Playbook Reference
All playbooks live at the repo root under ansible/.
| Playbook | Purpose |
|---|---|
start-cluster.yml |
Wake ESXi (WOL), power on control-plane + system node VMs, wait for the cluster to come up, uncordon nodes |
stop-cluster.yml |
Drain nodes, gracefully shut down VMs, then gracefully shut down the ESXi host itself |
supervisor-cluster-shutdown.yml |
Shutdown sequence specific to the Tanzu Supervisor stack — discovers the dynamic supervisor-API VIP (decryptK8Pwd.py) rather than assuming a fixed address, since WCP can reassign it across cycles |
backup-playbook.yml |
Nightly config backup: NAS, UniFi controller, TrueNAS-DR config, pfSense config — see pipelines/backup.yml |
ssl-renew-playbook.yml |
Certificate renewal automation, paired with pfSense's ACME setup — see ACME Certificates |
recording_cleanup.yml |
Prunes old camera/NVR recordings |
clean-docker-images.yml |
Docker image/layer cleanup on hosts running containers |
start-stop-esxi.yml |
Lower-level ESXi host power operations, used outside the full cluster start/stop flow |
vcsa-esxi-simple-ssh.yml |
Ad-hoc connectivity check against vCenter/ESXi over SSH |
Why start-cluster.yml/stop-cluster.yml and not a raw reboot
These playbooks exist specifically to make the DHCP-lease-preserving path (drain → guest shutdown → ESXi host shutdown → WOL → power-on) the path of least resistance.

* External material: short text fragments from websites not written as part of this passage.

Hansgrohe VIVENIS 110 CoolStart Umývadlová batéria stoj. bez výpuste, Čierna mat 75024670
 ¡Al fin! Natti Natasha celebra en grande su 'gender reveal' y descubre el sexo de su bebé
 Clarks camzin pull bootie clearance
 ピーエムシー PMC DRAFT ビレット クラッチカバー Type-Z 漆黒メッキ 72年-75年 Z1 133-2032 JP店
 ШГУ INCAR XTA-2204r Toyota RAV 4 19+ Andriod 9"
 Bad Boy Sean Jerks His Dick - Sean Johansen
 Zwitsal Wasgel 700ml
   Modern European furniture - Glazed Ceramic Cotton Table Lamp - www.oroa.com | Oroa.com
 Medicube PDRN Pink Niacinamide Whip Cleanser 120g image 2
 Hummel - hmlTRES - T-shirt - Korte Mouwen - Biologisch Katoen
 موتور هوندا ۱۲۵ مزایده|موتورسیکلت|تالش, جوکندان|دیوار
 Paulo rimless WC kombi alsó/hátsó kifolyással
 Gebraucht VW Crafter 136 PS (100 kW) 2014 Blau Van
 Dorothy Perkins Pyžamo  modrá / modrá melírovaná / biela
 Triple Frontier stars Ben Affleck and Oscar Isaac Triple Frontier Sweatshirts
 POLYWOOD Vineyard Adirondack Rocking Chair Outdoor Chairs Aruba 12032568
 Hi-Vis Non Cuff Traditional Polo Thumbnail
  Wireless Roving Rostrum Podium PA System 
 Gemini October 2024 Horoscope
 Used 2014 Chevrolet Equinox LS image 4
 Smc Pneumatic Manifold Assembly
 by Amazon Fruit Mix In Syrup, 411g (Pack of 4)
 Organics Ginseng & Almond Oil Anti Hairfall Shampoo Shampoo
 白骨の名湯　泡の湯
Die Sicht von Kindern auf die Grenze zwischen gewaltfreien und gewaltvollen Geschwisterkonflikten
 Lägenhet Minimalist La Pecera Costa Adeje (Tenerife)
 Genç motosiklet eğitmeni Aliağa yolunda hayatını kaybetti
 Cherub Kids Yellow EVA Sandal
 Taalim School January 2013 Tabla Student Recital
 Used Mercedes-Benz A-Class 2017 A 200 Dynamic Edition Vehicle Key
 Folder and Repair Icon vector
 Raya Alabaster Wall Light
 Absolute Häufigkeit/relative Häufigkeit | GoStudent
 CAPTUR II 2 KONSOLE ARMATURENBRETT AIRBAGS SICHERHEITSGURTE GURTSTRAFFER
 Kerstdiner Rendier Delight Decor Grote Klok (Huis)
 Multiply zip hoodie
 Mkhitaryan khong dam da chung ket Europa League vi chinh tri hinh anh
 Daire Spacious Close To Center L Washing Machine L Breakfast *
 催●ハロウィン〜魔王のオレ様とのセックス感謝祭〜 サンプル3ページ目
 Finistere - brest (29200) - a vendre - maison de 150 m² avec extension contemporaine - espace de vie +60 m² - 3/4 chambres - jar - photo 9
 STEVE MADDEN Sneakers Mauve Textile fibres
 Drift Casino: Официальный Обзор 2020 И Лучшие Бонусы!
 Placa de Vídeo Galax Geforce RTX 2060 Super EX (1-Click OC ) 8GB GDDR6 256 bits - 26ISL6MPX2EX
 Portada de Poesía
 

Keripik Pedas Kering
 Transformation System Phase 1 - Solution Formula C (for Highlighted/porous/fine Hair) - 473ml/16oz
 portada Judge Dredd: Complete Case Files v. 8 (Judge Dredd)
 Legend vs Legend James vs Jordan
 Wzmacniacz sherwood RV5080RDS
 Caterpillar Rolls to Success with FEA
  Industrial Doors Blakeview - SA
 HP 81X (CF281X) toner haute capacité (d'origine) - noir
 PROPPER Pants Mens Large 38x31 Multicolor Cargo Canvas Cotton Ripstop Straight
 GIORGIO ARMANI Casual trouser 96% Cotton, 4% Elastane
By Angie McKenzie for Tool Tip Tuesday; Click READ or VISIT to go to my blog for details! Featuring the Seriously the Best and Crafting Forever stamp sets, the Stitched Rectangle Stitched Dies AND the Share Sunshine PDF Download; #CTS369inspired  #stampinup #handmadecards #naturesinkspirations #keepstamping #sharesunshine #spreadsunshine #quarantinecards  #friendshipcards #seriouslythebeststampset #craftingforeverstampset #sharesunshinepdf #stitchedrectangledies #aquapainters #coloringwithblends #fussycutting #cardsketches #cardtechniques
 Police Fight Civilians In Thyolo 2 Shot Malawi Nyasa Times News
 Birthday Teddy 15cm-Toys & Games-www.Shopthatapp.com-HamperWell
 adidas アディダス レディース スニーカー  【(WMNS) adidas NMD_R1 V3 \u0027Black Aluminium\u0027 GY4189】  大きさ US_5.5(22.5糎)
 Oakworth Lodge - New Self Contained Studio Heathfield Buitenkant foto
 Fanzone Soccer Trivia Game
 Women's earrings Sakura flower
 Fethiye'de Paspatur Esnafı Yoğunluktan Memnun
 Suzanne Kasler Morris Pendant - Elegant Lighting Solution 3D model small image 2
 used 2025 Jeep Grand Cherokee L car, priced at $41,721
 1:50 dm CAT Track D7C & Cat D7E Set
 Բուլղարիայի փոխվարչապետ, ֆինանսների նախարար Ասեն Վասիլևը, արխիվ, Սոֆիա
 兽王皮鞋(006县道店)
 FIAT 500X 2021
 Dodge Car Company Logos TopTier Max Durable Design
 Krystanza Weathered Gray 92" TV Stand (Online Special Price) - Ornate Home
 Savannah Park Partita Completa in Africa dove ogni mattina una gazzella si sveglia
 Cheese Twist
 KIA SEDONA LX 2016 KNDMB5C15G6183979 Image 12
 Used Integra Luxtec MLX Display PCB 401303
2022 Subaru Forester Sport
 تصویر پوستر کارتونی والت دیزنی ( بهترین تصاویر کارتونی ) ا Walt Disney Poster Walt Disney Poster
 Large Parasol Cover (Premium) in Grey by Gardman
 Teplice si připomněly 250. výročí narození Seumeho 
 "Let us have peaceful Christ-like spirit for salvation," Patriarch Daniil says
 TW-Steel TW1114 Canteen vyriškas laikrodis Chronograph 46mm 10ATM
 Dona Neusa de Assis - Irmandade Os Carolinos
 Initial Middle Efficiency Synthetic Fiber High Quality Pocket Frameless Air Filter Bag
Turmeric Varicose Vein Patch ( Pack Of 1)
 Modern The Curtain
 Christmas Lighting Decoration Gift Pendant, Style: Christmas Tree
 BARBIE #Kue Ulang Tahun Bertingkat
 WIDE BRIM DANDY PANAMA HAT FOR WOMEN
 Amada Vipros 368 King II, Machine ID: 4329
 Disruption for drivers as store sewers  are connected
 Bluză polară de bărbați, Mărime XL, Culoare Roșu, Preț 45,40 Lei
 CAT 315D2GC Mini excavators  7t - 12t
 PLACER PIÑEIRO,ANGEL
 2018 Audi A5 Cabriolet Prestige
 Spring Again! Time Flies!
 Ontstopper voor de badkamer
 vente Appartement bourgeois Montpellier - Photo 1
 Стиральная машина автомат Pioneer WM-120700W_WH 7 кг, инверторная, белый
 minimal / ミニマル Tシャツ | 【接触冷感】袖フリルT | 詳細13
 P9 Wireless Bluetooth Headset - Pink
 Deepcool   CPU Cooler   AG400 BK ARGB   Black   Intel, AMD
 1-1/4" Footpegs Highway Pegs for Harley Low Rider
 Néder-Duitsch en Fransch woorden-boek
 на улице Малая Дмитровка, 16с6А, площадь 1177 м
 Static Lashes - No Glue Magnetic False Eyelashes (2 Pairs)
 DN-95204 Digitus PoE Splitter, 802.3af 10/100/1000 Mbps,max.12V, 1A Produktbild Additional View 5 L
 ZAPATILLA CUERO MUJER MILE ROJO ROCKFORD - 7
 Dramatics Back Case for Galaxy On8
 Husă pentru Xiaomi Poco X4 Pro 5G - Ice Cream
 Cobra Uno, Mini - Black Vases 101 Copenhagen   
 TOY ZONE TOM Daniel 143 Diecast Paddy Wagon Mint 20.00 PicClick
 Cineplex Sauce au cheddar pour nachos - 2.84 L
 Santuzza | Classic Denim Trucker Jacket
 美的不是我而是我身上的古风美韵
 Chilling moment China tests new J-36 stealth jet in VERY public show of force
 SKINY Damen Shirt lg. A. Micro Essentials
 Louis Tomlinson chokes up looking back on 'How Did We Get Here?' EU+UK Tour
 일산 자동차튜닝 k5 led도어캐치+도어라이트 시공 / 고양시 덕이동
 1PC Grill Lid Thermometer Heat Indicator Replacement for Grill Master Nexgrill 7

Kea's lease table for a MAC that goes through this cycle quickly is very likely to still be valid when the host comes back, which is why routine use of these playbooks had never surfaced the IP-pinning fragility documented in Kubernetes Troubleshooting — until a manual reboot, done outside this flow and overlapping with unrelated lease churn elsewhere on the network, finally did.